| Given information |
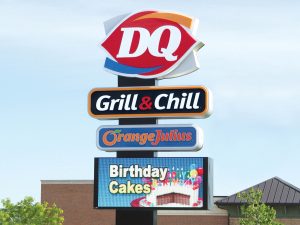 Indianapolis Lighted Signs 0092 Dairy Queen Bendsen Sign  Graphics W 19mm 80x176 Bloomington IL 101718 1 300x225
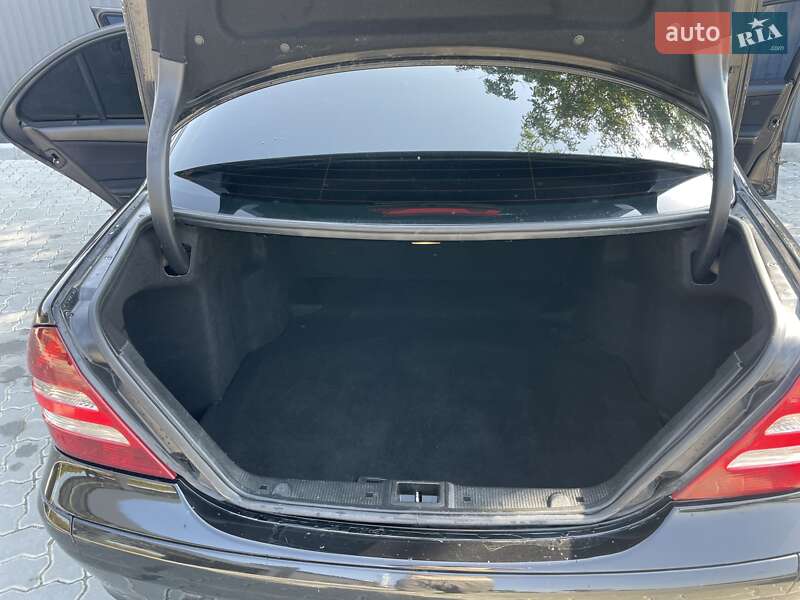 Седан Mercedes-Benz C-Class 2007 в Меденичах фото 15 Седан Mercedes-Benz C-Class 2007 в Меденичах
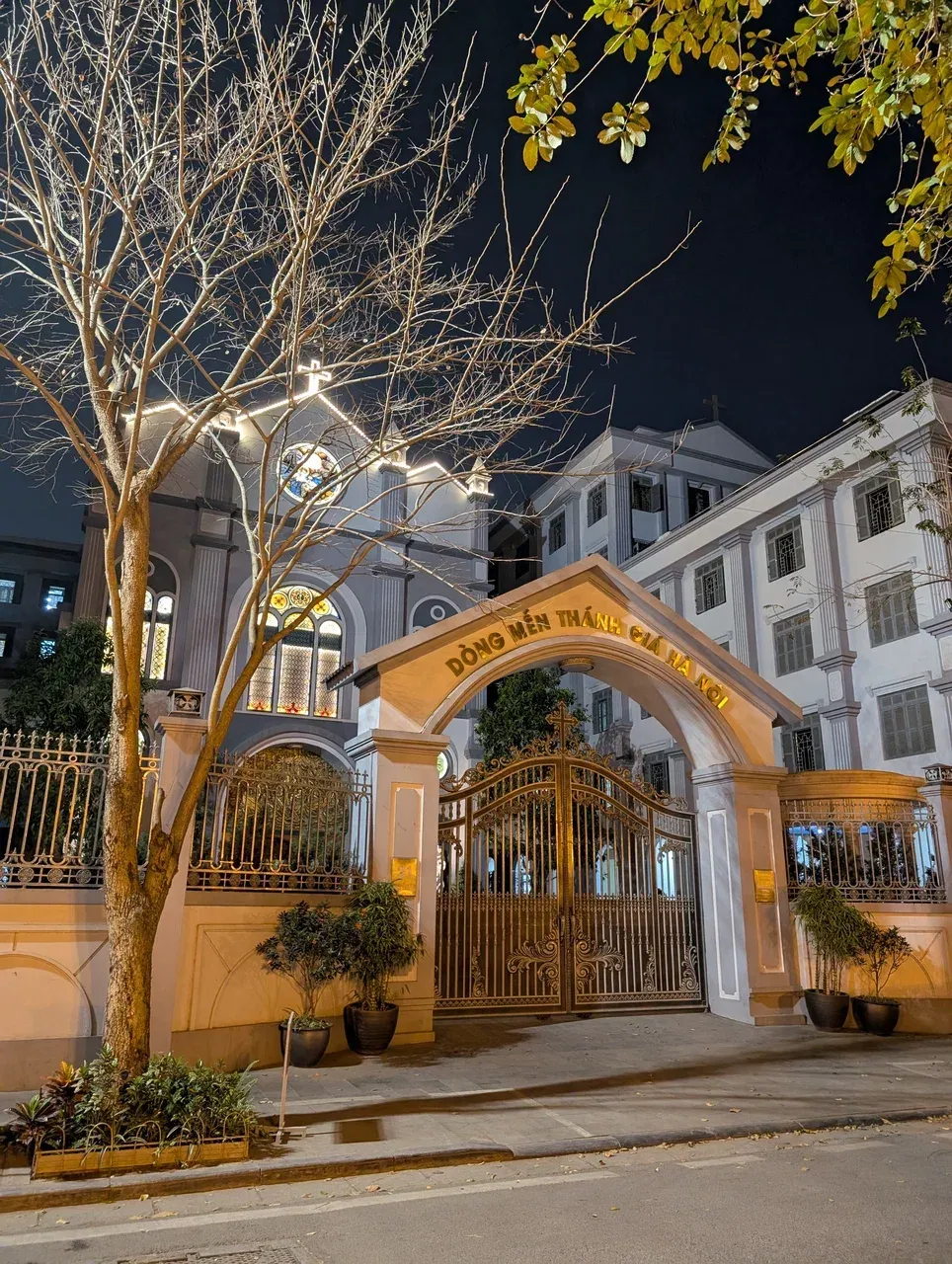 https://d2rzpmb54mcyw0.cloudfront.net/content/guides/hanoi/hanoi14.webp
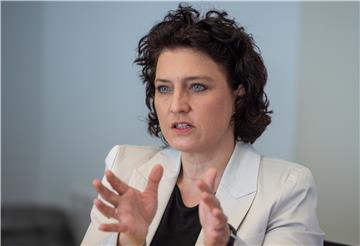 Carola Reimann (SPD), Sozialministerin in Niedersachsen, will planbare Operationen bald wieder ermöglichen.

| Your assignment |
In your copy of the listing above, every line must match exactly and no picture may appear.

| Expected output |
 Indianapolis Lighted Signs 0092 Dairy Queen Bendsen Sign  Graphics W 19mm 80x176 Bloomington IL 101718 1 300x225
 Седан Mercedes-Benz C-Class 2007 в Меденичах фото 15 Седан Mercedes-Benz C-Class 2007 в Меденичах
 https://d2rzpmb54mcyw0.cloudfront.net/content/guides/hanoi/hanoi14.webp
 Carola Reimann (SPD), Sozialministerin in Niedersachsen, will planbare Operationen bald wieder ermöglichen.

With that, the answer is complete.